If I were in the audience, here’s how I’d see the exchange:

The Canadian PM stands in front of the rich and elite of the world and touts Canada’s openness for business and the various frontier investment opportunities. He points out some facts that purport to show that money invested in Canada is relatively safe and will provide the investors with substantial returns.

But why, someone asks, should someone from Europe or New York invest in Canada if Canada and Canadians won’t invest in their own country?

Obviously the PM won’t have an answer. All of his briefings suggested that if you want money to flow into the Canadian economy, you must go to the centres of capital. Supposedly these are the people who control the money supply, so you must go there and beg for their help.

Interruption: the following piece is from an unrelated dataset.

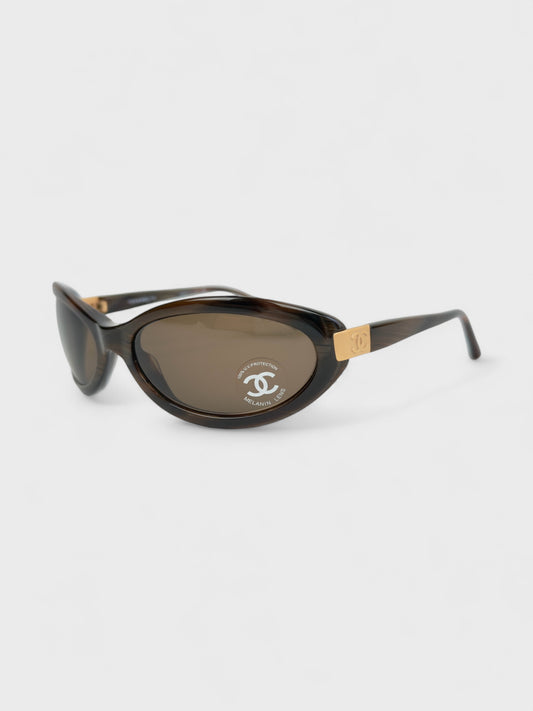 Chanel vintage 5027 sunglasses with oval frame and gold-tone details.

In reality, most of the people in the audience politely applauded and went back to their own lives, quickly forgetting the plea.

What we have here is a great dichotomy.

The PM is asking non-Canadians to spend some of their investment money in Canada. At the same time, Canada’s public sector institutions and Canadians’ savings accounts have massive amounts invested around the world. Yet virtually none is invested in or directed to the Canada’s economy.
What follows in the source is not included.